15. Individualization took place with VITA VM LC PAINT.
Cold polymerization of the VITA MFT teeth to the framework was carried out with VITA VM CC in the matching BASE DENTINE shade 2M2. The consistency of the manually mixed filler-free polymer allowed for a precise fixation of the pre-fabricated teeth to the frameworks. After the polymerization, the plaster matrices were removed and the dental morphology finalized with the light-curing and flowable veneering composite VITA VM LC flow. This composite offers a perfect shade match to VITA MFT and VITA VM CC and guarantees reliable masking. Its thixotropic material properties enable controlled modeling with the brush, according to the ceramic layering procedure. The vestibular gingival shields were also individualized. In order to receive a natural and three-dimensional outcome, different gingival shades of the composite veneering system were applied. After finalizing and polishing, the rehabilitations were ready to be inserted (Fig. 16). Then the primary crowns were cemented, cleaned and isolated intraorally, and the denture was placed during the final cement setting (Fig. 17).
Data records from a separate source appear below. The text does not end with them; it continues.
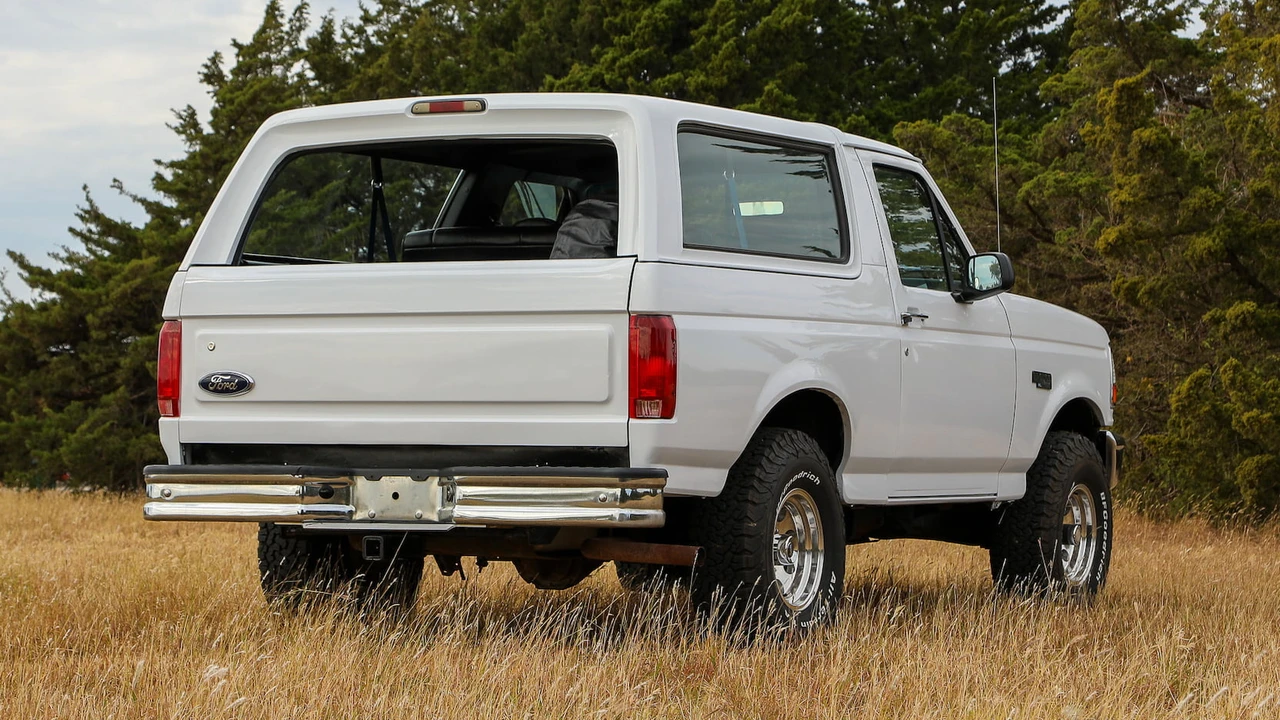1995 Ford Bronco 5th Gen - Image 3 of 31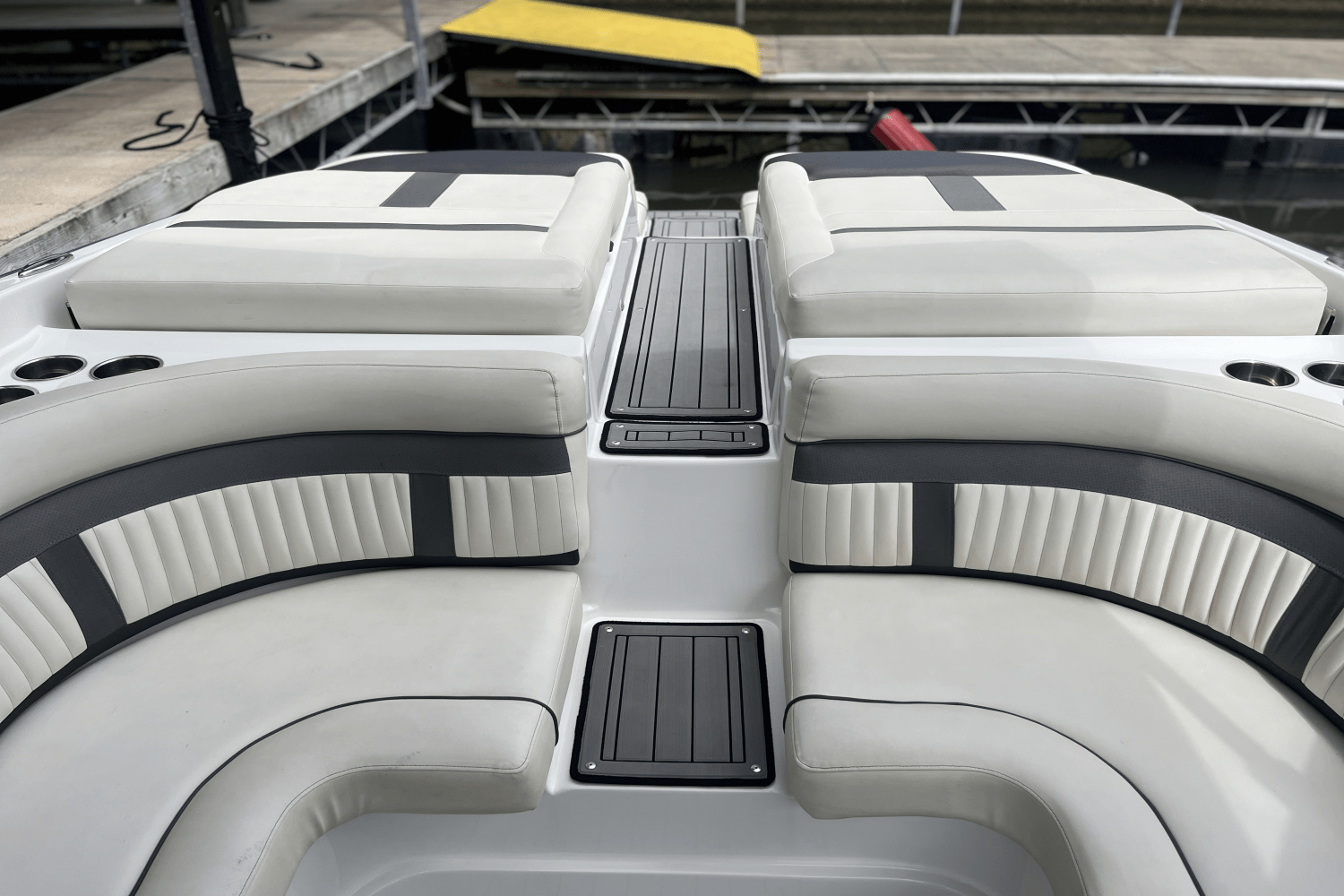 Slide: The Image of Rinker 29 QX 2020 - 17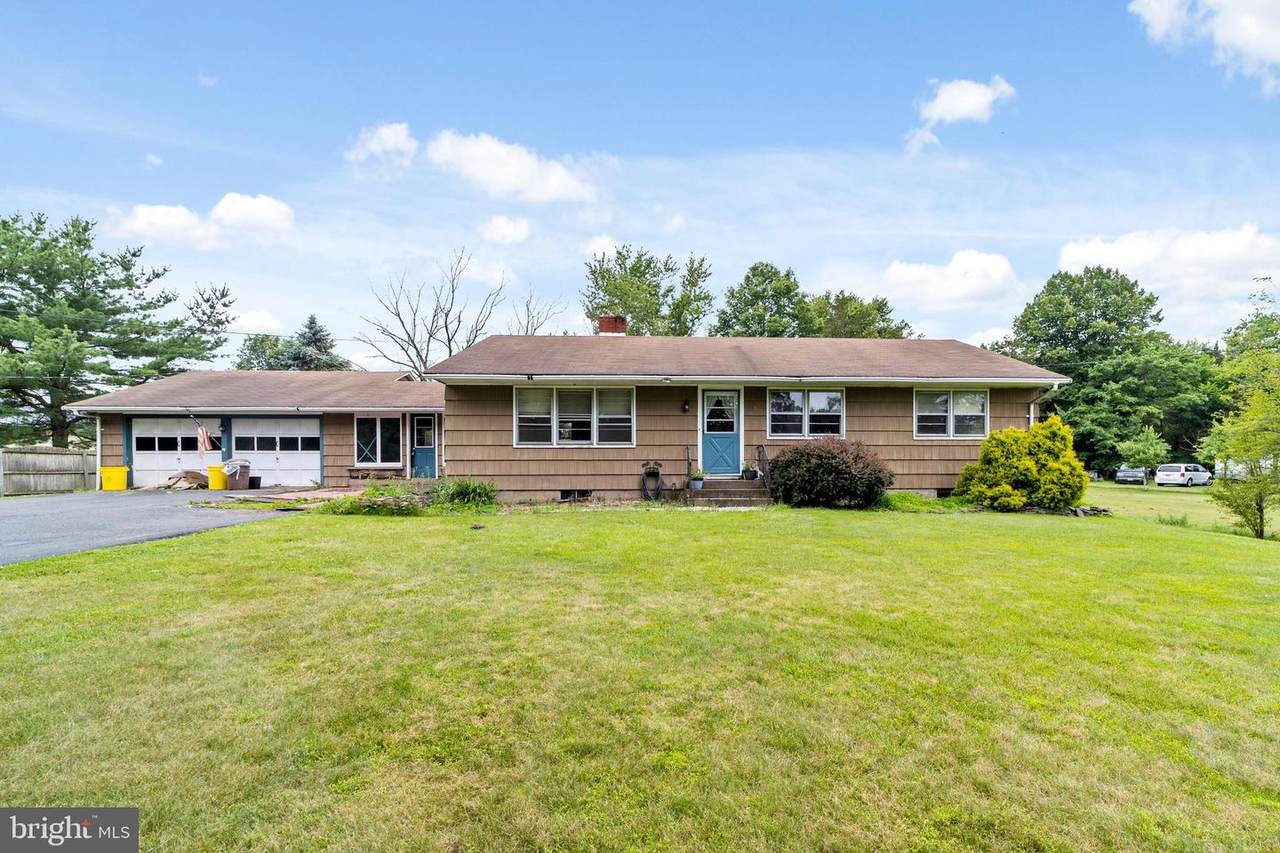 1403 Trenton Harbourton Road - Photo 1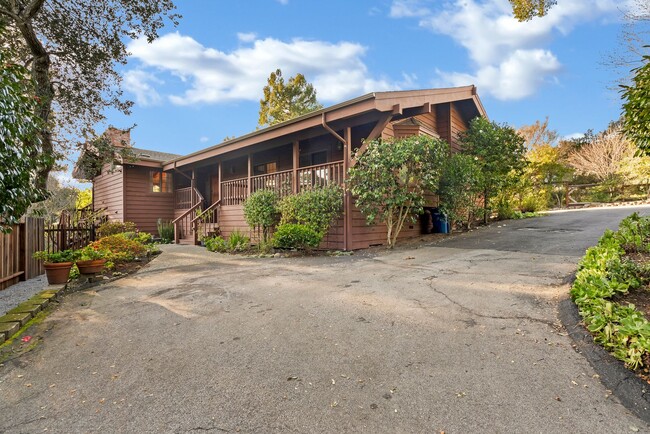 27 Pasatiempo Dr in Santa Cruz, CA - Building Photo - Building Photo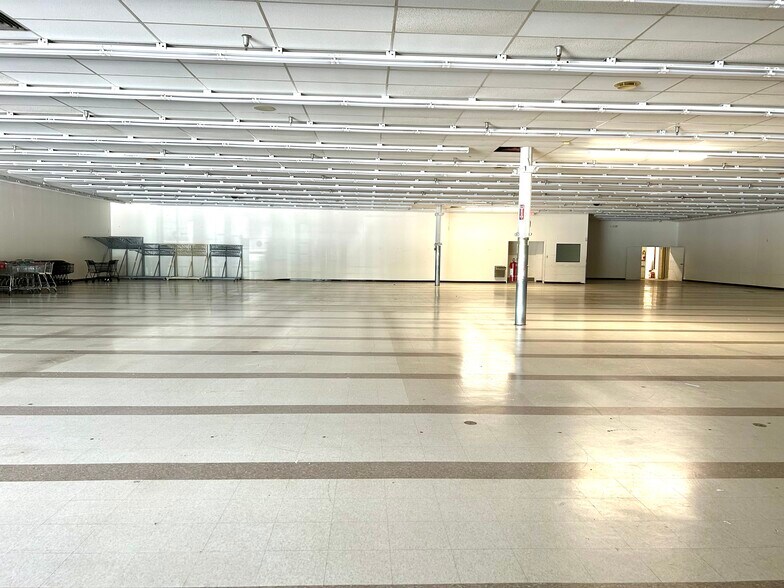 More Photos Of 1604-1662 Norton Rd, Stow Freestanding For Lease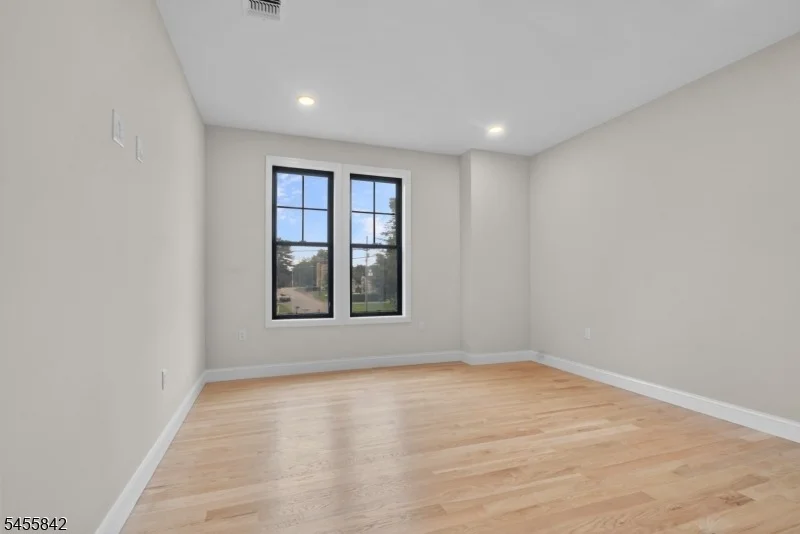 Photo of 41 Lefke Ln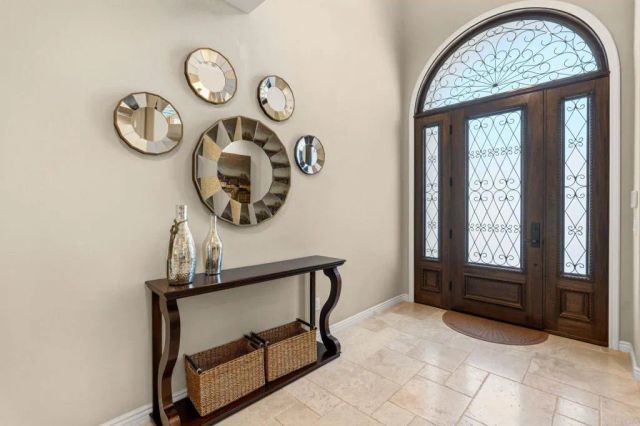 809 Dolphin Circle, Encinitas, CA 92024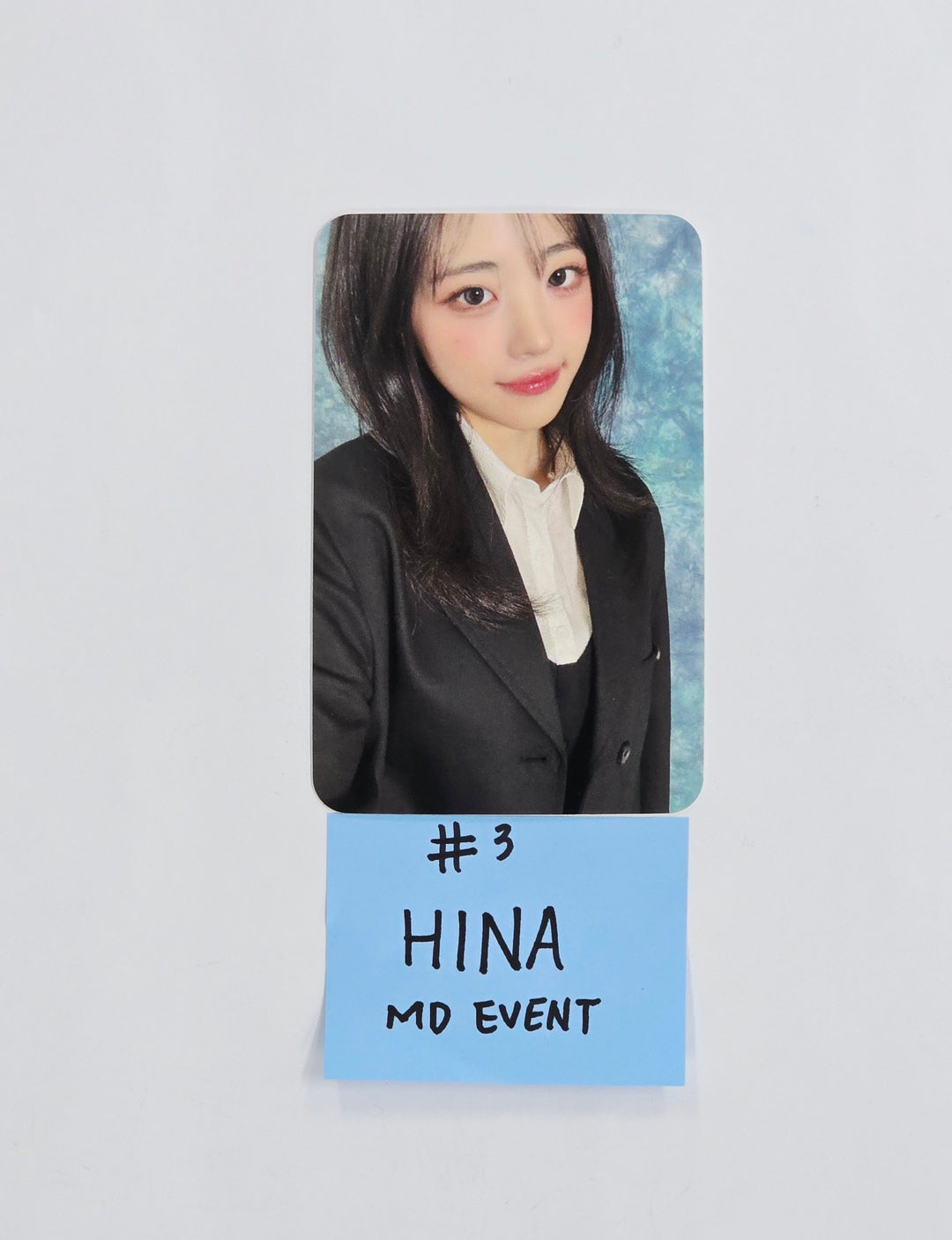 QWER - “Born 2 Rock” QWER 2nd Anniversary Pop-up Store MD Event Photocard (1) [25.10.20]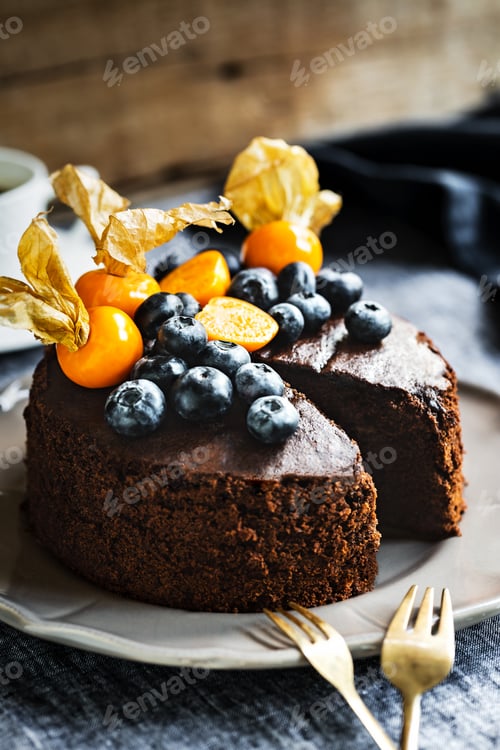 Preview: Chocolate cake with fresh Blueberry and Cape Gooseberry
VITA MFT denture teeth, with their esthetic morphology and natural texture, ensured a very natural-looking and functional outcome. The anatomically layered teeth with different translucency levels from the cervical to the incisal area created a life-like smile. The shade accuracy between the polymer VITA VM CC and the veneering composite VITA VM LC flow lead to an efficient and uncomplicated match with the pre-fabricated VITA MFT teeth. In addition, the harmonized chemistry between the three components guarantees long-lasting rehabilitations. Thanks to the veneering material VITA VM LC flow in five gingival shades, the transition between the natural gingiva and the acrylic base in the upper jaw remained seamless, despite the patient’s high smile line (Fig. 18). The material also allowed for short and patient-friendly functional edges. The patient was very pleased with the overall esthetics of her final rehabilitations. VITA MFT provided the patient with an age-appropriate appearance, and an economical and highly esthetic, functional long-term solution (Fig. 19, 20, 21).
16. The finished telescopic rehabilitations after polishing.
17. The integrated primary crowns after removal of cement residues.
18. The individualization of the vestibular shield with VITA VM LC flow enabled a seamless transition.
19. Occlusal view of the integrated telescopic denture in the lower jaw.
20. The patient’s lips and cheeks were stabilized with her new rehabilitations.
21. Despite the high smile line, the rehabilitations look very natural.